--- START ---

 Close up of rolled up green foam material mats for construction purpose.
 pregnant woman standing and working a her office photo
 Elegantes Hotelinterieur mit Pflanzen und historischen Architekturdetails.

--- END ---

** AIM OF THE TASK **
Please copy the data in full, character for character.

** RESULT **
 Close up of rolled up green foam material mats for construction purpose.
 pregnant woman standing and working a her office photo
 Elegantes Hotelinterieur mit Pflanzen und historischen Architekturdetails.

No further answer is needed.